Un buste en marbre de Socrate barbu, incarnant la spiritualité et réalisé par une créatrice talentueuse.

La spiritualité créatrice (Texte no. 2)

« L’œil de l’esprit ne peut trouver nulle part plus d’éblouissements ni plus de ténèbres que dans l’homme ; il ne peut se fixer sur aucune chose qui soit plus redoutable, plus compliquée, plus sérieuse et plus infinie. Il y a un spectacle plus grand que la mer, c’est le ciel ; il y a un spectacle plus grand que le ciel, c’est l’intérieur de l’âme. »   Victor Hugo.

Comme nous l’avons vu dans le « texte no. 1 », l’éveil de la conscience spirituelle passe par le ressouvenir d’une vision qualitativement unifiée du réel à la source d’Idées de nature intuitive comportant une dimension émotionnelle plus ou moins intense, comme le Beau, le Bien et la Justice. Mais Platon parle auparavant de réminiscences qui n’ont pas une telle implication existentielle. Celles-ci ont rapport aux mathématiques, à la géométrie et aux postulats en général (propositions indémontrables utilisées comme fondement d’une argumentation). Ainsi, chez Leibniz (1646-1716), personnalité importante du Siècle des Lumières, les postulats correspondent à des idées innées dont nous aurions une connaissance tacite, mais susceptible d’être explicitée.
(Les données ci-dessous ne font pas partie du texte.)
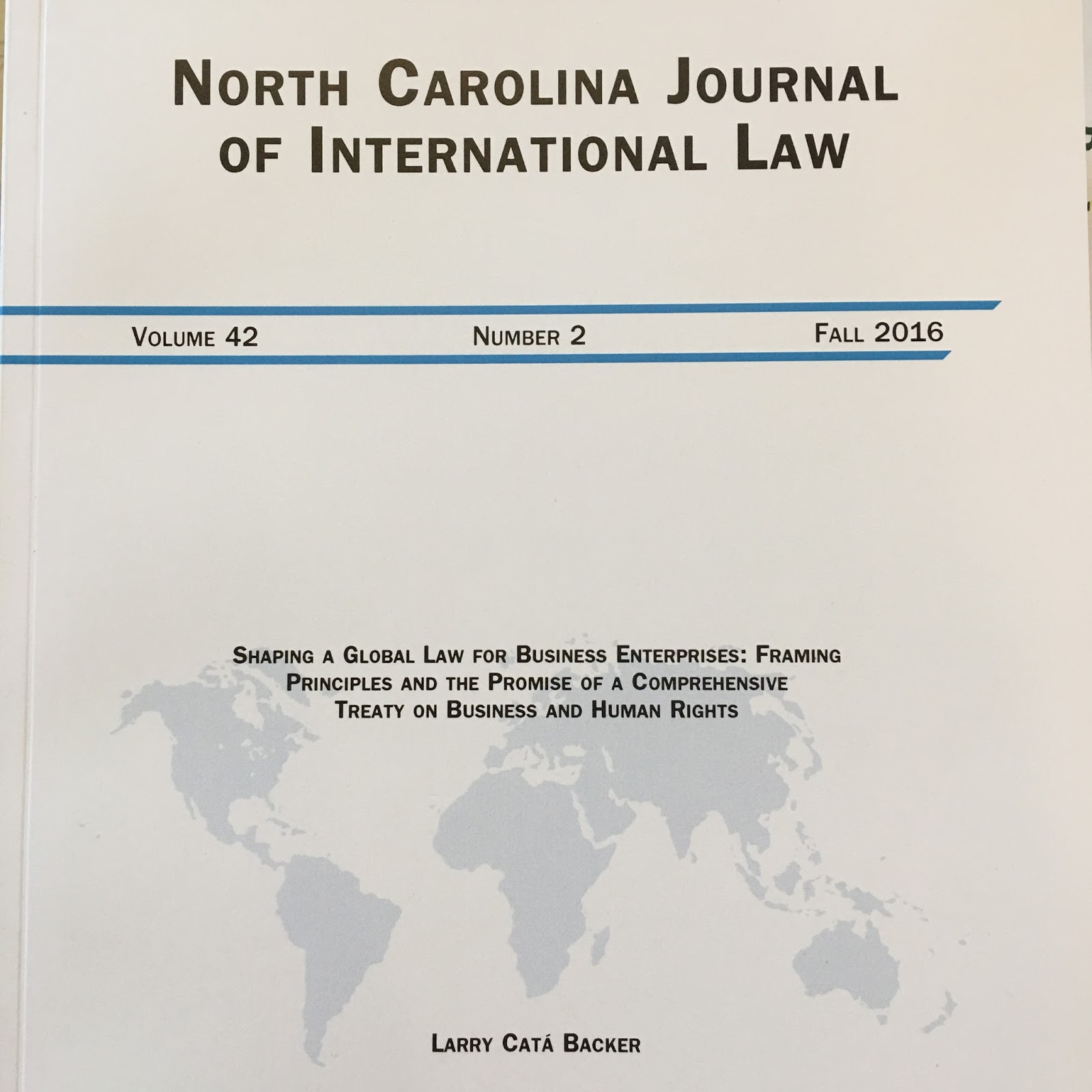 Law at the End of the Day Just Published "Shaping a Global Law for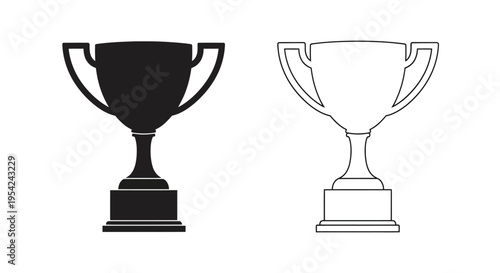 Two trophy silhouettes one black and one white side by side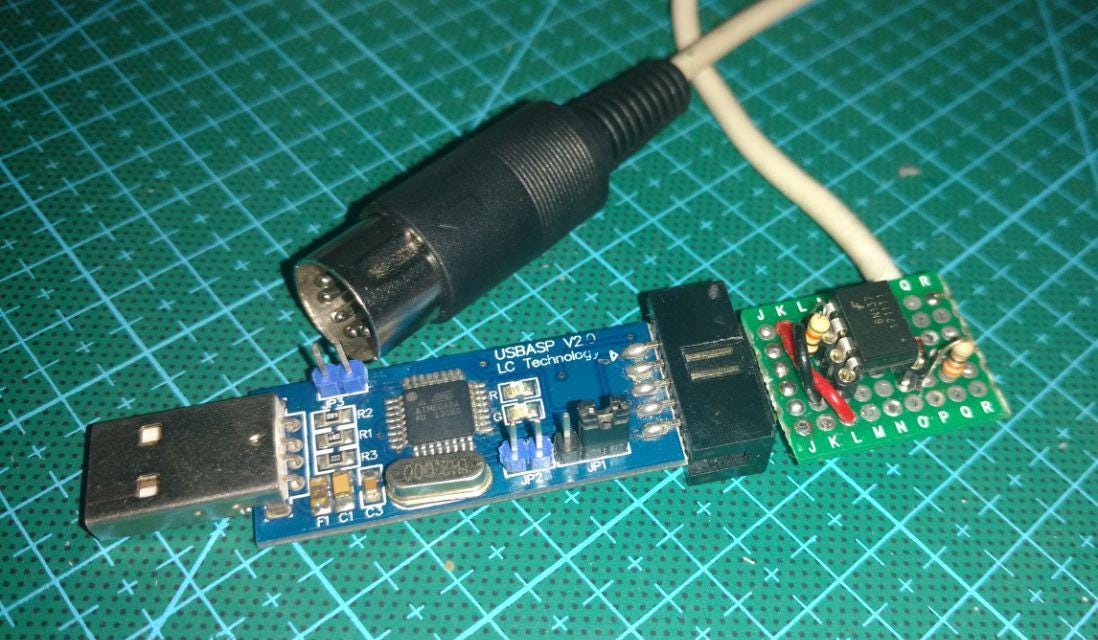 AVR Programmer Transformed Into USB MIDI Adapter by Jeremy S. Cook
Il donne comme exemples l’être, la substance, l’un, le même, la cause, la perception, le raisonnement et d’autres notions que les sens ne sauraient donner. Il observe que le « contenu » de l’esprit est beaucoup plus large que ce à quoi nous sommes en train de penser. Il considère les idées comme étant des formes permanentes qui demeurent en nous lorsque nous n’y pensons pas, et sur lesquelles se fondent les vérités nécessaires en devenant objets de pensée. Le savant allemand croit toutefois en une idée du bien que nous pourrions connaître aussi froidement que l’idée du cercle ou du carré, et à partir de laquelle il serait possible de déduire les principes de la morale ; ce qui va à l’encontre de la pensée de Platon.
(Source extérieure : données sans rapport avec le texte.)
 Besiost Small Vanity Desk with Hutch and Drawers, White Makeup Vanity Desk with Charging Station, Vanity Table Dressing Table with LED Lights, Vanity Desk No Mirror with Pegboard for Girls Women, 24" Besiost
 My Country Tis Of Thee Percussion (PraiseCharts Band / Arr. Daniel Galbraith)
En effet, ce dernier constate au contraire que toutes sortes de croyances discordantes peuvent être considérées comme prémisses vraies et être ensuite logiquement argumentées. C’est pourquoi il a adopté la méthode de son maître Socrate qui consiste à identifier les conflits à l’intérieur d’un réseau de croyances, et les conséquences inacceptables découlant de certaines définitions que l’on a fait siennes. L’accès à la vérité enfouie au fond de l’âme passe par un effort de conceptualisation, par une recherche de mots pour le dire, mais exige dès lors la prise de conscience des usages conflictuels de certains de ces mots. Il ne s’agit pas seulement de refléter et d’expliciter les usages existants, mais de favoriser un élargissement de la conscience. Les uns et les autres, tout comme une même personne aux différentes étapes de sa vie, ne tiennent pas nécessairement les mêmes choses comme étant bonnes. Pour qui, par exemple, identifie le bien à la santé, aux richesses et à la reconnaissance sociale, la méthode socratique conduit à l’évidence qu’on ne peut associer le bien et l’injustice. Plutôt que dans le seul fait d’avoir certaines choses, l’excellence réside dans une certaine manière d’être qui se traduit dans ce que nous faisons et dans ce que nous évitons de faire. Elle reflète une vérité transcendante reliée à l’Idée du Beau et du Bien. La méthode socratique vise l’éradication d’opinions fausses afin de favoriser une ouverture, un éveil de nature existentielle, et non seulement une mise au clair de mots et de phrases. Elle vise à faire passer de la conviction de savoir à la réalisation éventuelle de l’insuffisance de son opinion. Elle souligne les « impasses » d’un réseau de croyances et, en cherchant à les résoudre, favorise l’émergence d’une réminiscence qui, en son âme, suscite l’insatisfaction et oriente vers un choix plus éclairé.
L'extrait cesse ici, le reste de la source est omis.